◆ **Exercise**:
Pictures should be left out while the data beneath this task is written out word for word.
[Opening Available records section]
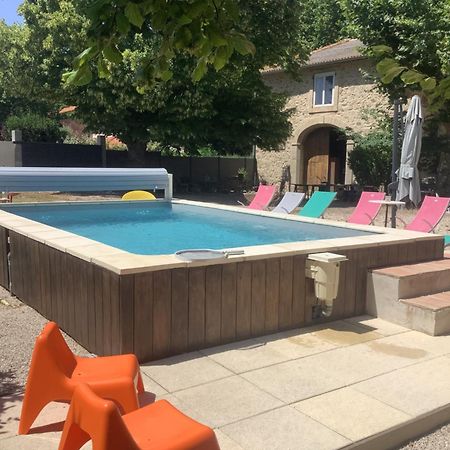 Chez Les Brocs B&B Canet  Luaran gambar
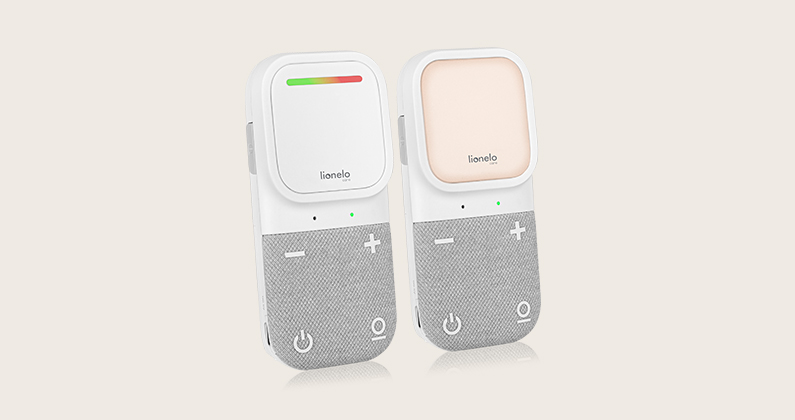 Lionelo Babyline 2.2 — niania elektroniczna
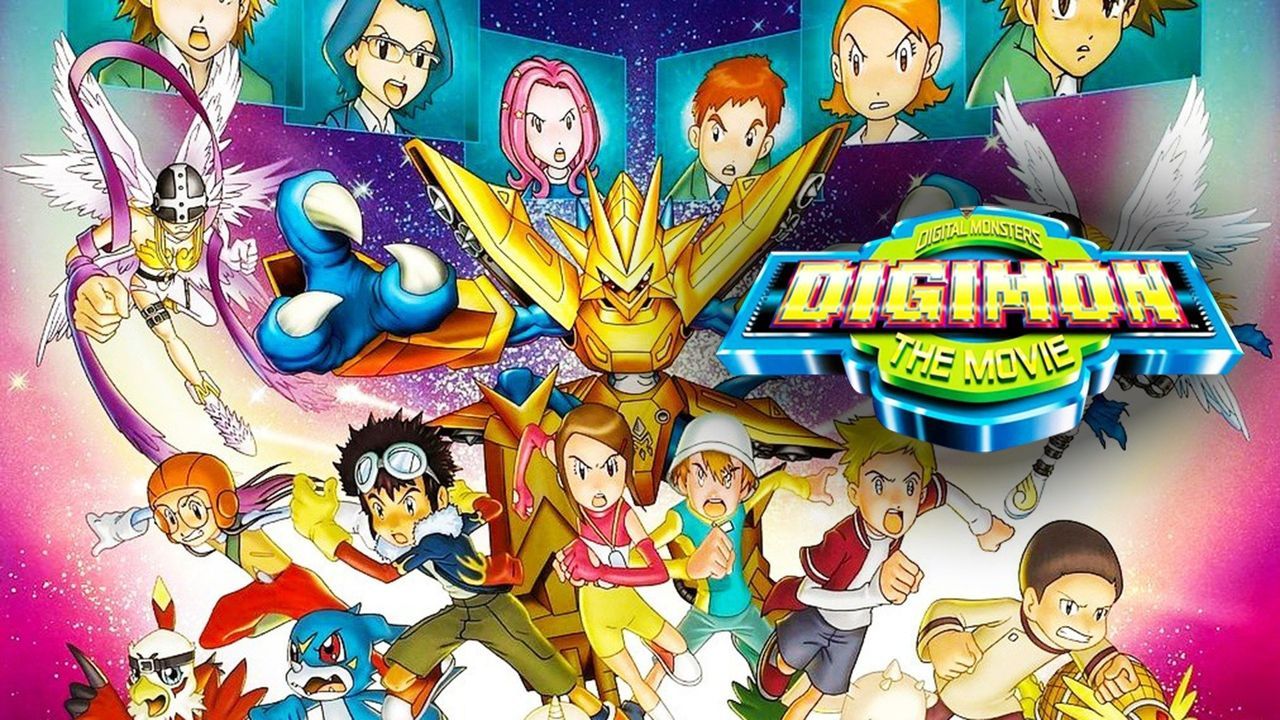 Digimon: The Movie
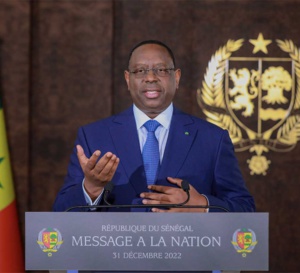 Vers une "digitalisation intégrale du système sanitaire' (Macky Sall)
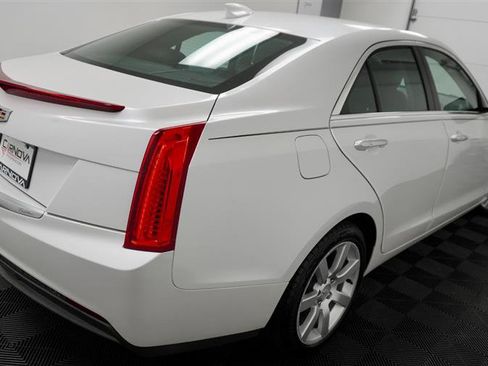Used 2015 Cadillac ATS Sedan image 7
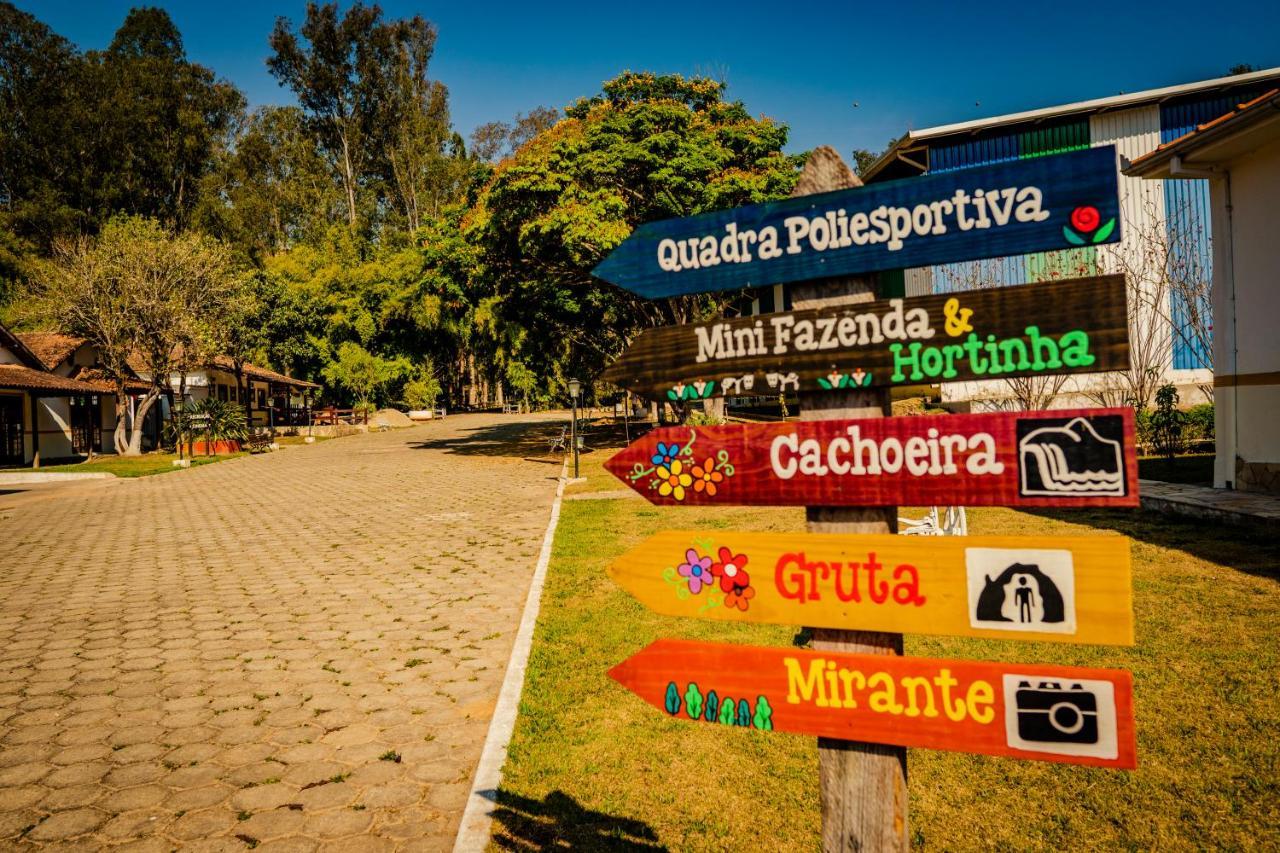 Hotel Fazenda Ramon Сан-Лоренсу Екстер'єр фото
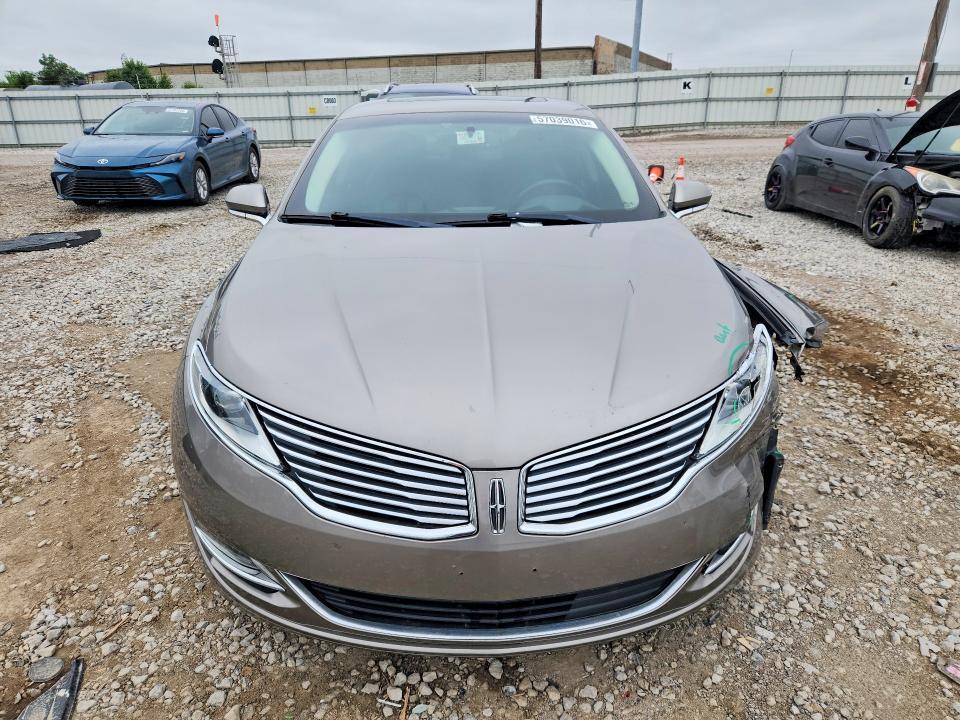 2016 Lincoln MKZ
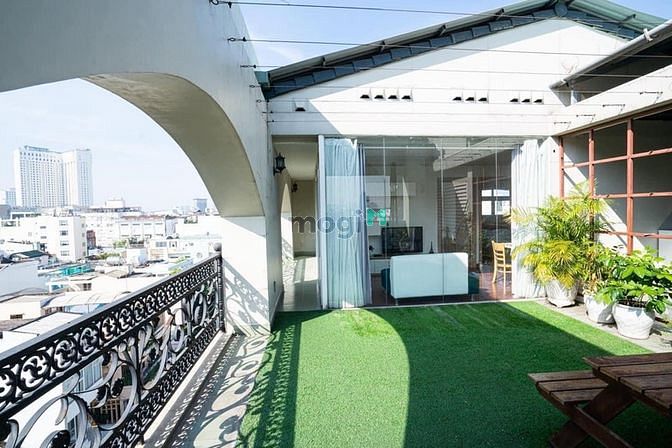Hình ảnh 🎖️ PENHOUSE Cao Cấp 60m2 Sân Vườn -  Gần Chợ Tân Đinh Quận 1 🎖️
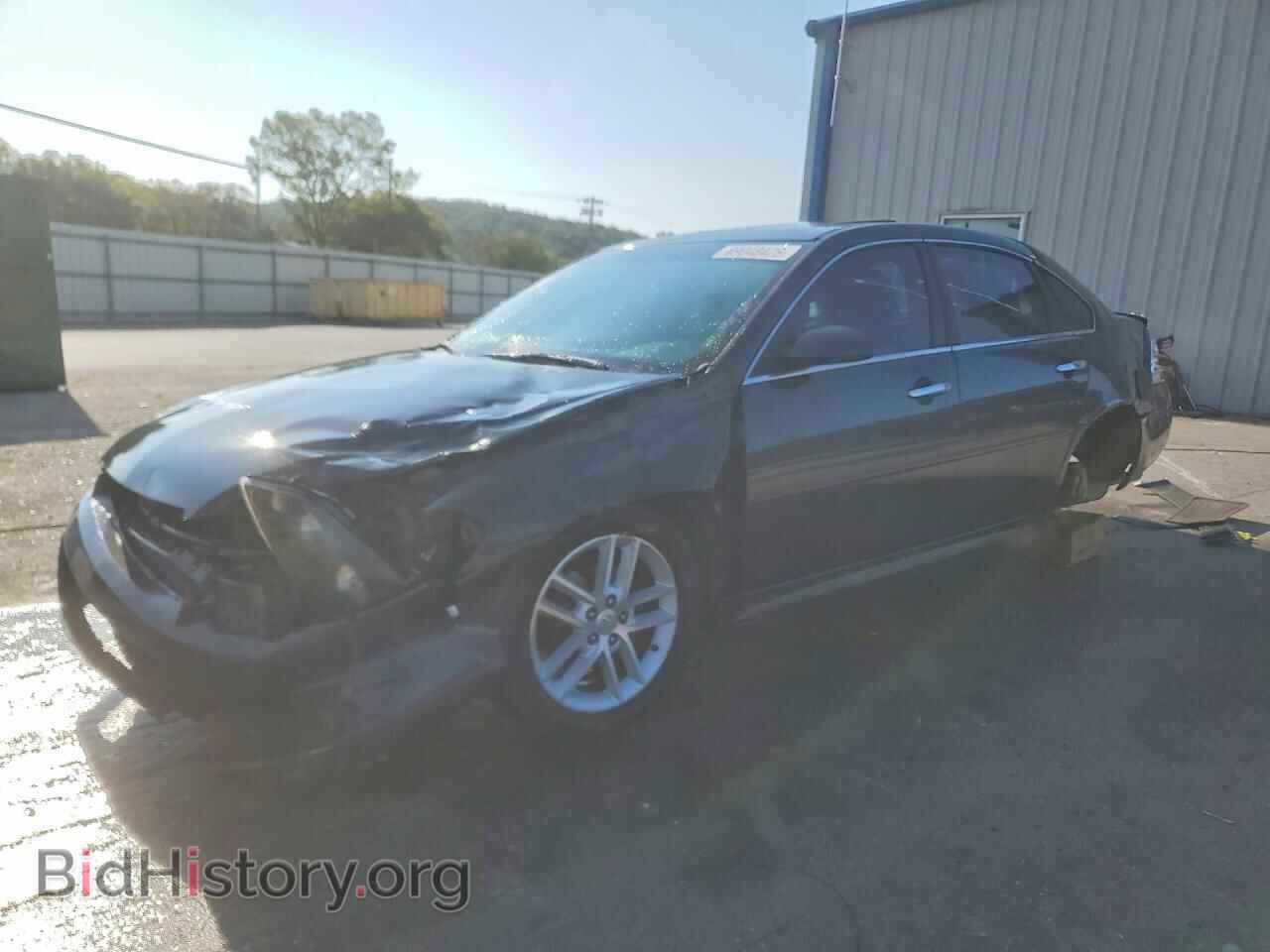 Photo 2G1WC5E38E1109053 - CHEVROLET IMPALA 2014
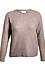 Ribbed Pullover Sweater Thumb 1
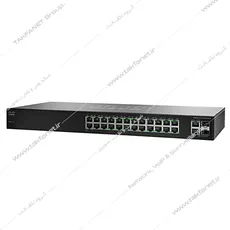 سوییچ SF112-24 سیسکو
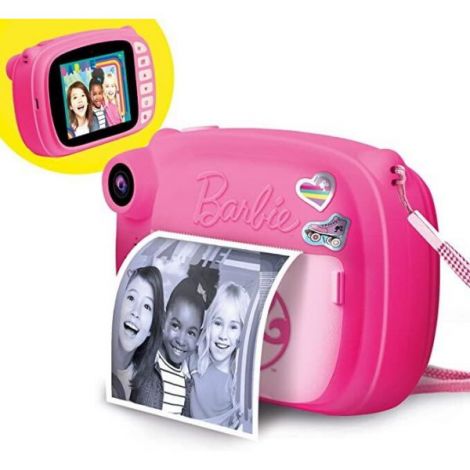 Camera foto instant - barbie - poza 3
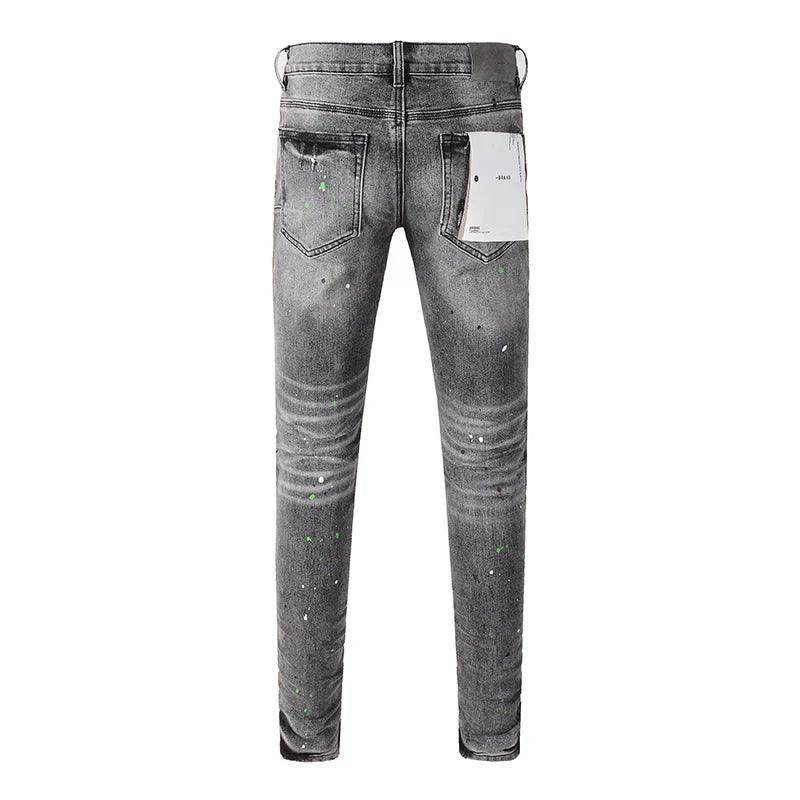 Premium Brand PRPL Roca Jeans P04 - tntwear1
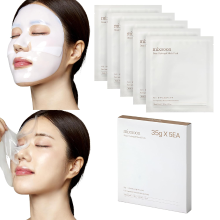 Mixsoon PDRN Collageen Hydrogel Masker 35 g * 5 Stuks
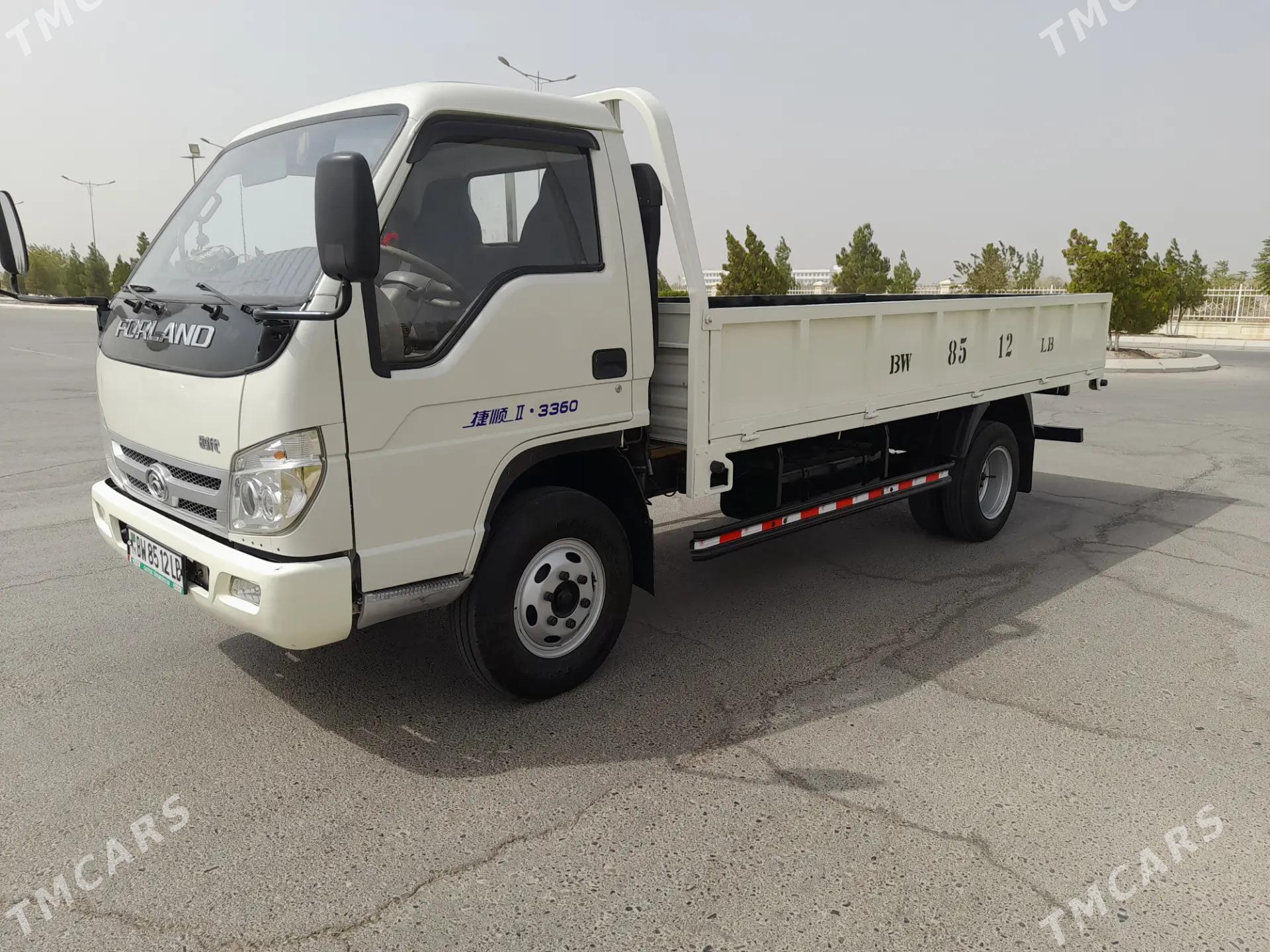 Forland H3 2015 - 150 000 TMT - Türkmenabat - img 3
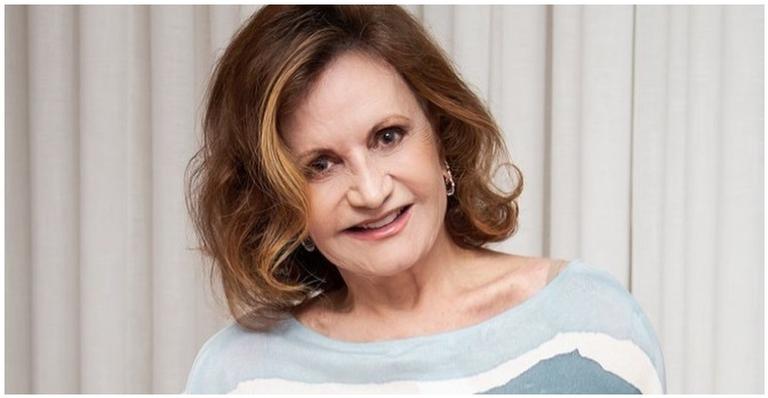 Aos 84 anos, Rosamaria Murtinho diz que irá apostar em nova carreira: ”Vou ser digital influencer”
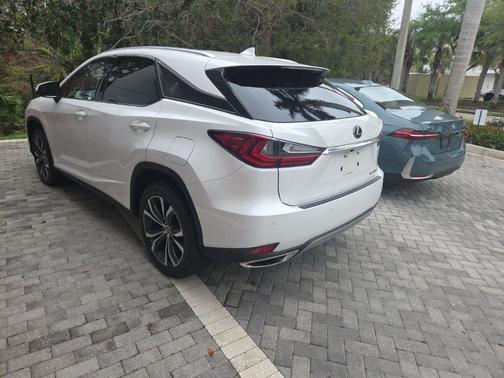 2020 Lexus RX 350 Base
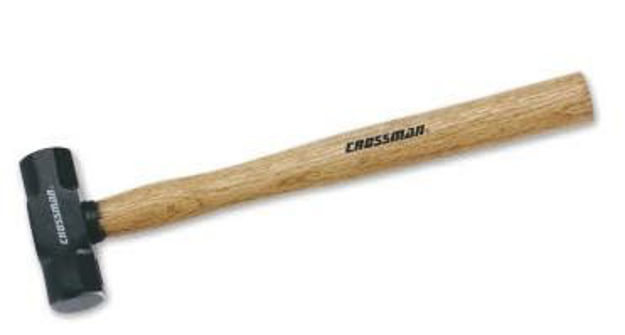 Imagen de MARRÓN CON CABO 4.5 KG CROSSMAN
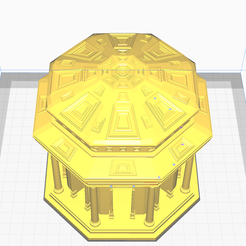 Screenshot-2023-06-02-at-8.07.37-PM.png Fichier OBJ Temple octogonal・Modèle imprimable en 3D à télécharger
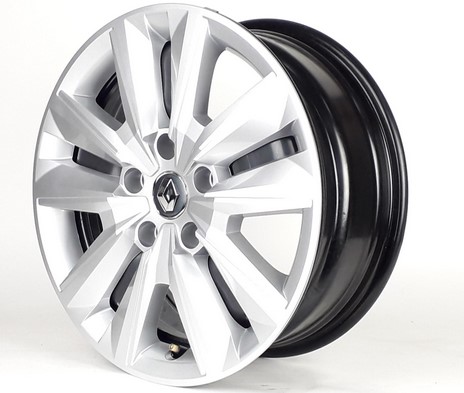 4X диски RENAULT MEGANE IV TALISMAN + колпаки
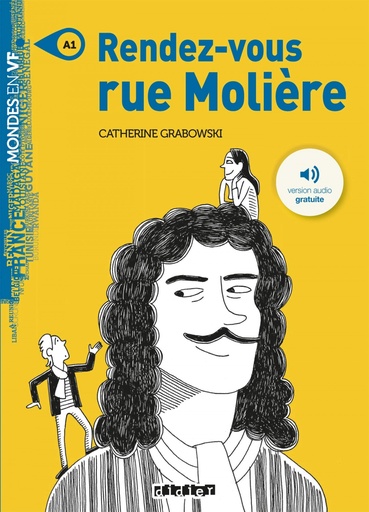 [9782278092345] RENDEZ-VOUS RUE MOLIERE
[Closing Available records section]
◆ **Response area**:
 Chez Les Brocs B&B Canet  Luaran gambar
 Lionelo Babyline 2.2 — niania elektroniczna
 Digimon: The Movie
 Vers une "digitalisation intégrale du système sanitaire' (Macky Sall)
Used 2015 Cadillac ATS Sedan image 7
 Hotel Fazenda Ramon Сан-Лоренсу Екстер'єр фото
 2016 Lincoln MKZ
Hình ảnh 🎖️ PENHOUSE Cao Cấp 60m2 Sân Vườn -  Gần Chợ Tân Đinh Quận 1 🎖️
 Photo 2G1WC5E38E1109053 - CHEVROLET IMPALA 2014
 Ribbed Pullover Sweater Thumb 1
 سوییچ SF112-24 سیسکو
 Camera foto instant - barbie - poza 3
 Premium Brand PRPL Roca Jeans P04 - tntwear1
 Mixsoon PDRN Collageen Hydrogel Masker 35 g * 5 Stuks
 Forland H3 2015 - 150 000 TMT - Türkmenabat - img 3
 Aos 84 anos, Rosamaria Murtinho diz que irá apostar em nova carreira: ”Vou ser digital influencer”
 2020 Lexus RX 350 Base
 Imagen de MARRÓN CON CABO 4.5 KG CROSSMAN
 Screenshot-2023-06-02-at-8.07.37-PM.png Fichier OBJ Temple octogonal・Modèle imprimable en 3D à télécharger
 4X диски RENAULT MEGANE IV TALISMAN + колпаки
 [9782278092345] RENDEZ-VOUS RUE MOLIERE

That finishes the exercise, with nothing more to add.